Deficient Reduction; politics versus policy

I've recently been writing on the ways that undue attention is paid to the politics of an issue, as opposed to actual policy outcomes. My first two examples came from the conservative end of the spectrum; namely Newt Gingrich and Tea Partiers cum environmental activists. Today I wanted to continue the theme, but with a different example.

First, a primer: out of this summer's debt ceiling debate/hostage crisis, a Joint Select Committee on Deficit Reduction was created as a compromise. The basic goal of the committee was to produce a plan the reduced the federal budget deficit by $1.5 trillion dollars over a ten-year period. If the committee failed to produce a bipartisan plan that could be scored by the Congressional Budget Office (a process that takes about 48 hours) before Thanksgiving, then automatic cuts of $1.2 trillion would go into effect. This is refereed to as “the trigger,” although technically it is a process called “sequestration.” At any rate, the automatic cuts where designed to do two things.

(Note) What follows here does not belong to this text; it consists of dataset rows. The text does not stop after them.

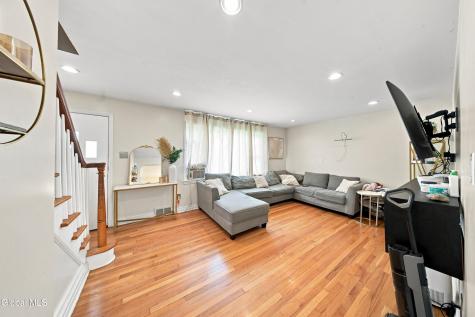 1209 Mader Street Schenectady NY 12308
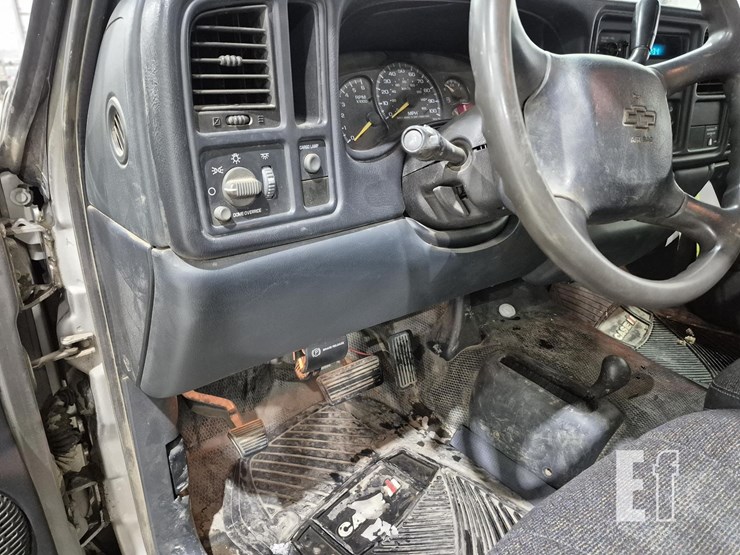 chevrolet-silverado-2500-image-5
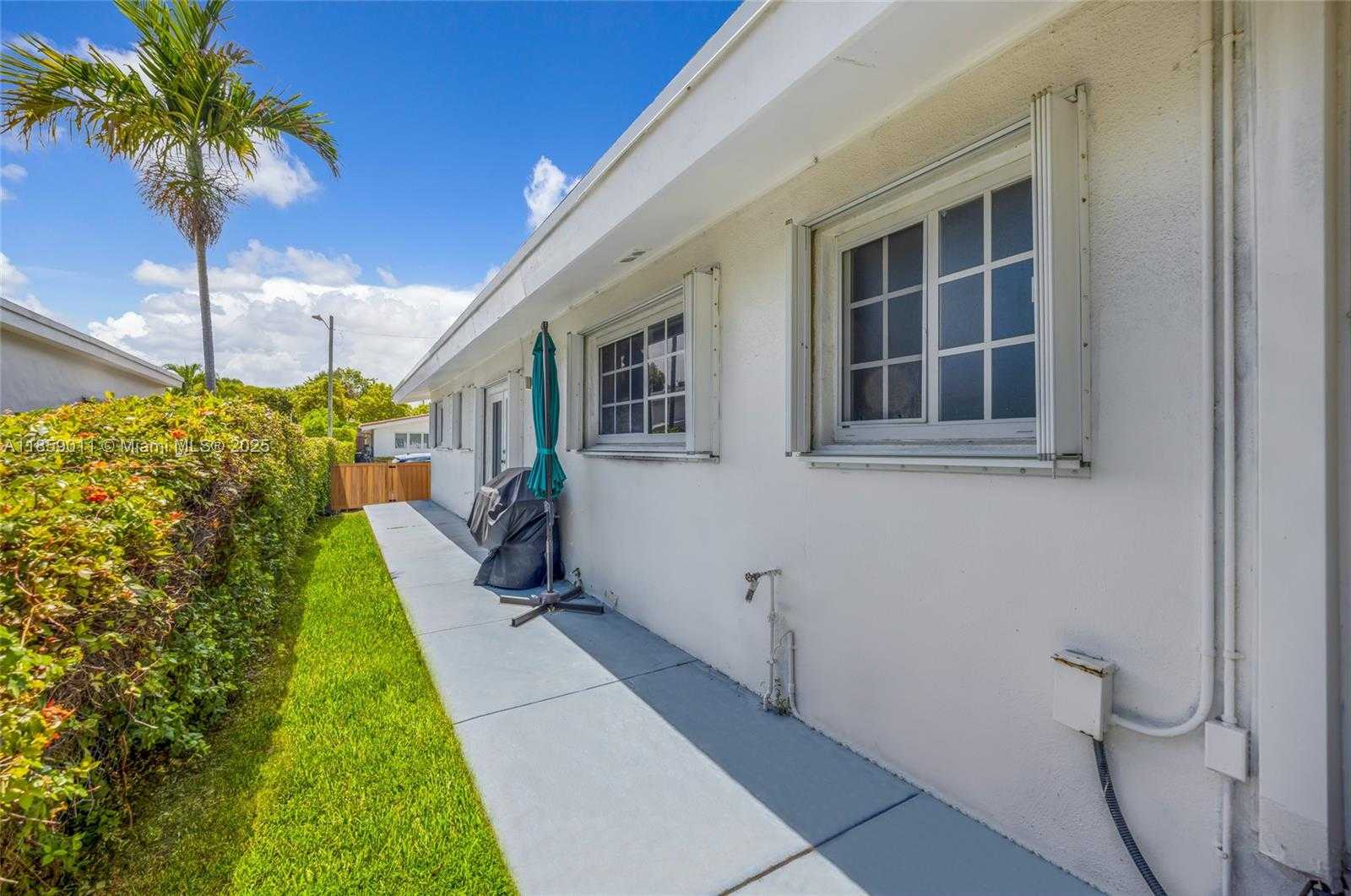 Small Image of 1700 NORTH TREASURE DR, North Bay Village Number 39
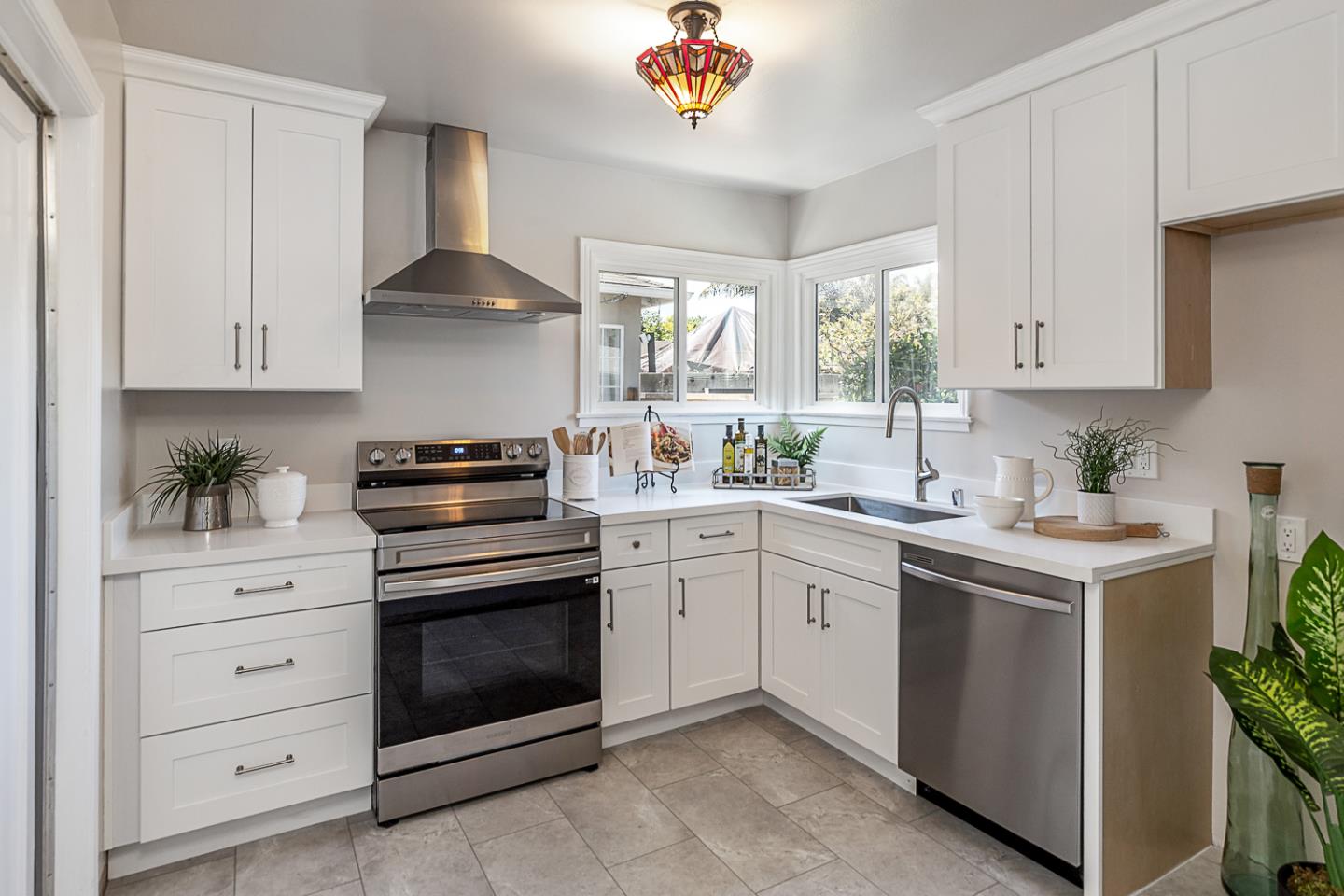 Detail Gallery Image 7 of 19 For 1327 Madera Ave, Menlo Park,  CA 94025 - 2 Beds | 2 Baths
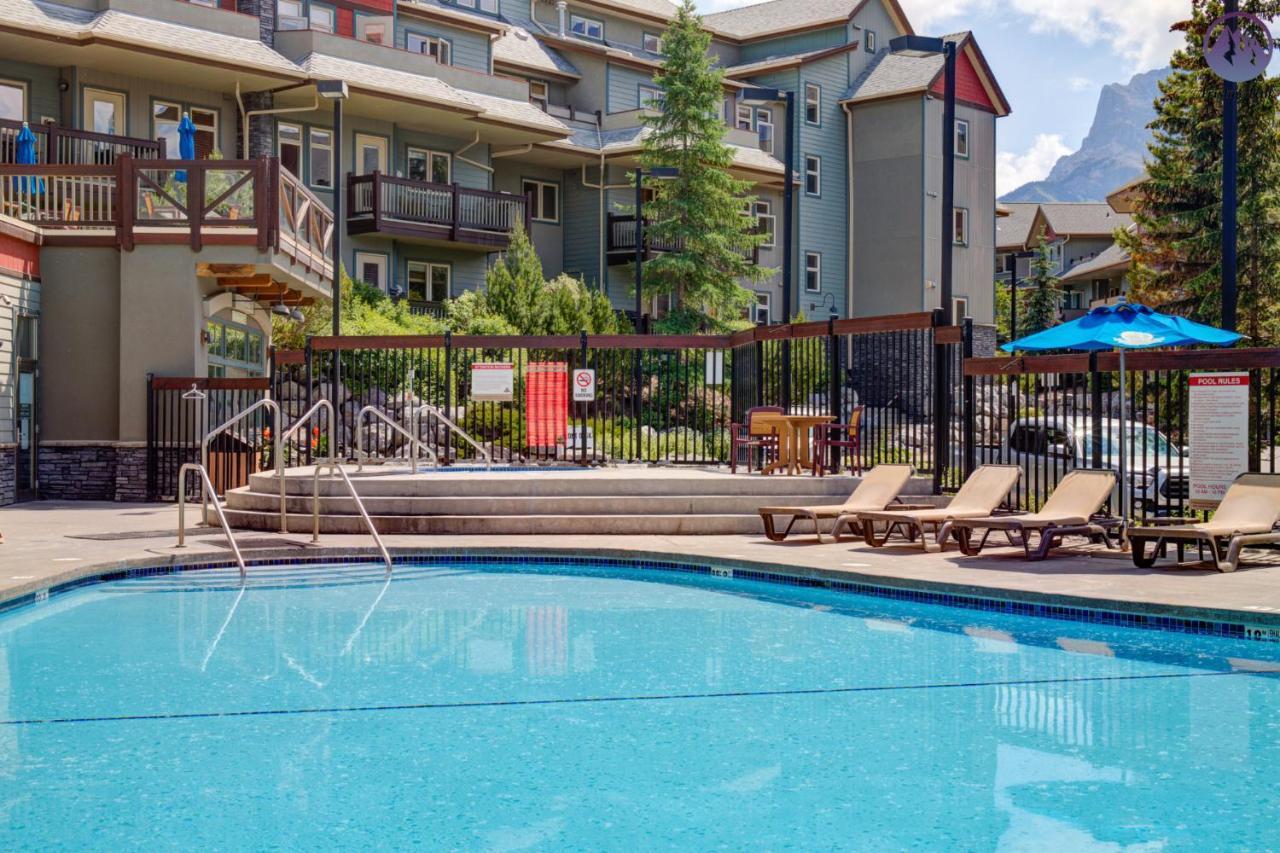 Modern Nordic 2 Bedroom Mountain View Condo Canmore Eksteriør bilde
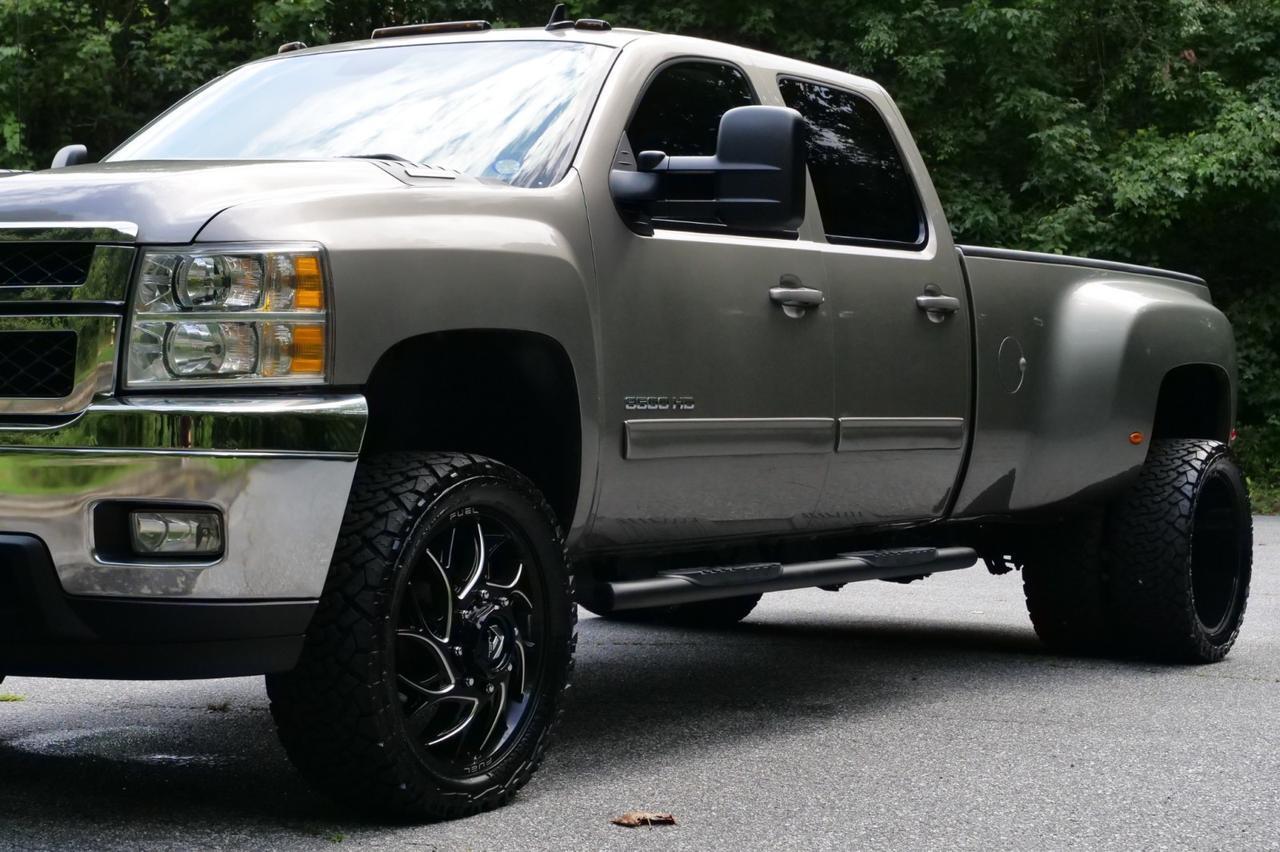 2014 Chevrolet Silverado 3500HD LTZ DRW 4X4 / Wheels & Tires Upgrade / Turbo Diesel! Lincolnton NC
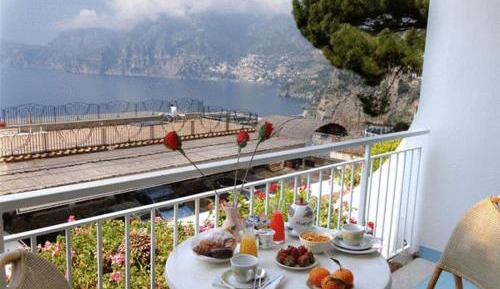 Double or Twin Room with Sea View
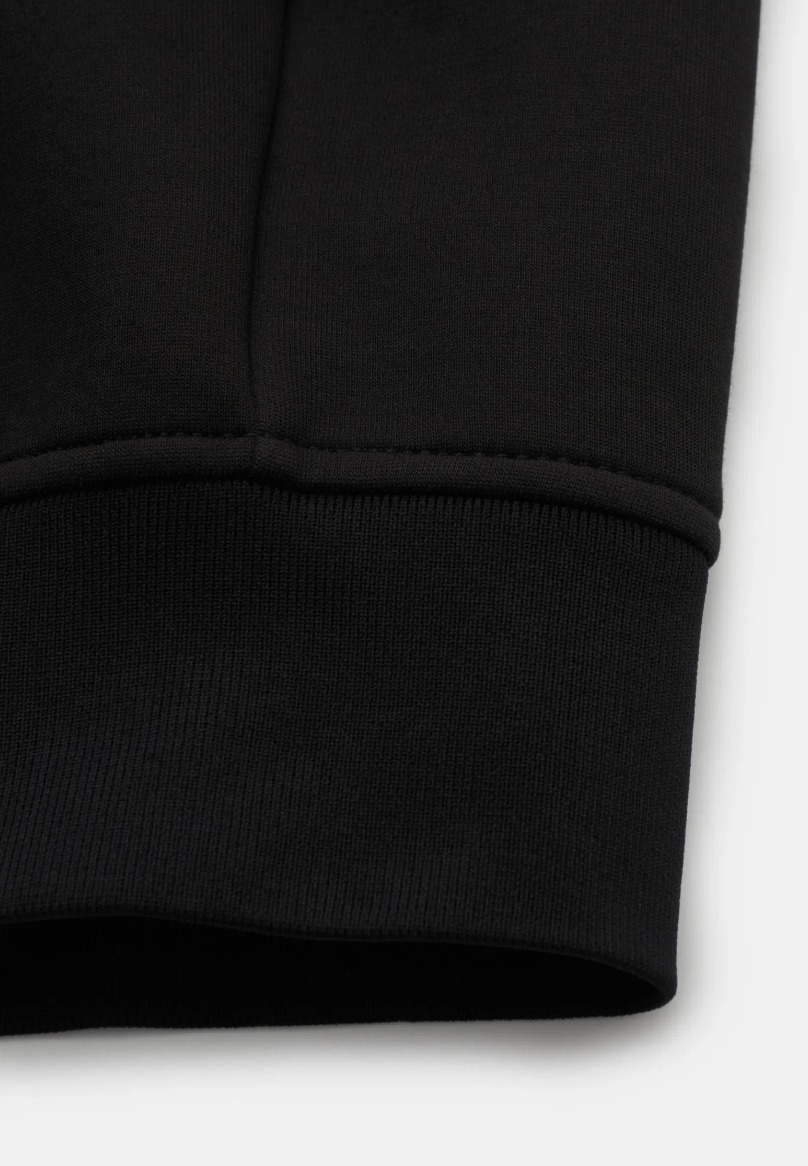 今年も人気の予感 ワントーンロゴ《Mackage》'Krystos' フーディ
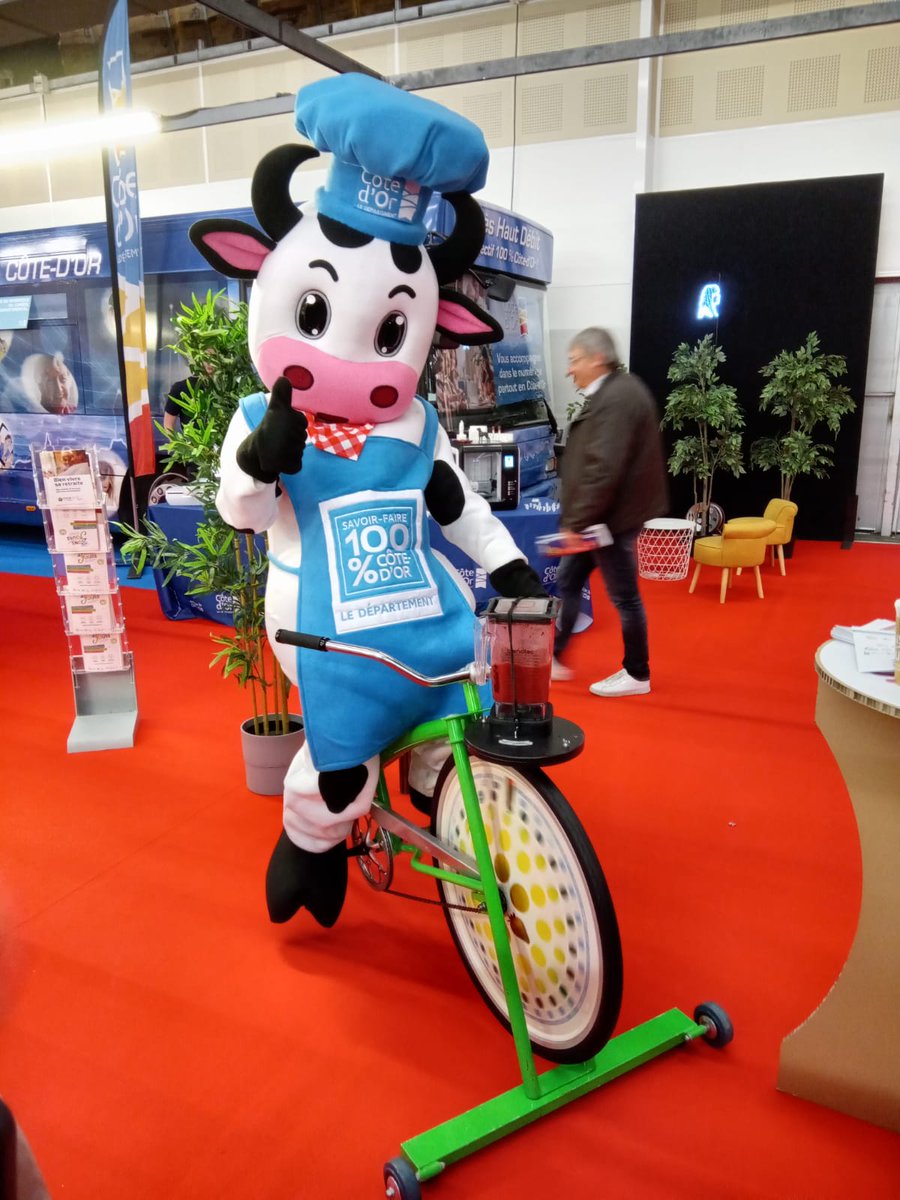 Carsat BFC (@carsatbfc) on Twitter photo Comme Flore, la mascotte du salon des seniors de #Dijon, venez sur le stand du <a href="/gie_impa/">Kalivi - Pour bien vieillir en BFC</a> pour pédaler sur notre vélo smoothie 🚲🥤🍓🍐! Plaisir sucré garanti Comme Flore, la mascotte du salon des seniors de #Dijon, venez sur le stand du <a href="/gie_impa/">Kalivi - Pour bien vieillir en BFC</a> pour pédaler sur notre vélo smoothie 🚲🥤🍓🍐! Plaisir sucré garanti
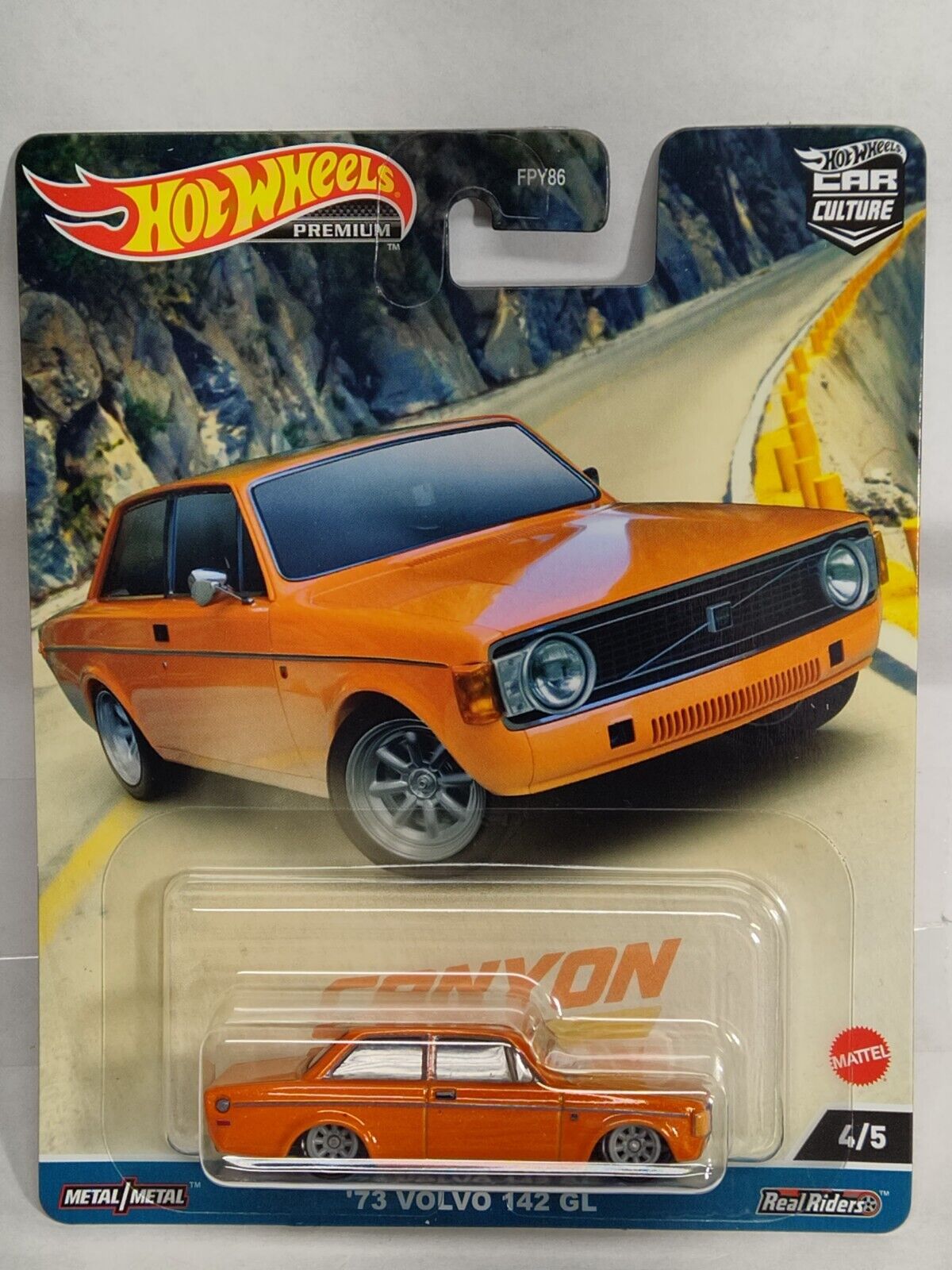 Hot Wheels HKC53   Canyon Warriors Series #4  '73 Volvo 142 GL  (Box 13)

First, the trigger itself is combination of defense and domestic spending cuts. This was supposed to give the Democrats and Republicans on the committee equal incentive to agree on a compromise. Second, in the event the committee suffered political deadlock, the deficit would still be reduced; albeit in a way that is somewhat draconian, yet also with political coverage for both parties.

So, a spoiler-alert for those who have more important things to do than follow politics all day: The JSC failed to produce a bi-partisan plan. Quite a bit a the political horse-race news coverage is devoted to the implications of it's failure.

With this, I wanted to highlight Matthew Yglesias' very smart piece on how the JSC's failure is a victory for those who prioritize deficient reduction, and why the emphasis on “bi-partisanship” over actual policy outcomes is absurd. Specifically, Yglesias writes that news “is being termed a “failure,” and by the standards of D.C.’s fetishization of bipartisanship, it is one. But in terms of deficit reduction, failure is actually better than success.” (emphasis mine – JMG)

This is a re-occurrence of the basic theme I have been trying to emphasize: a large and disproportionate segment of politics and political media is concerned with the political optics of an issue or event that it is with the actual outcomes of it. Read Yglesias' piece and you'll understand, from a pure deficit-hawk point of view, the failure of the JSC is the best possible outcome. Whether the outcome is coded as “partisan” or “bi-partisan” shouldn't matter.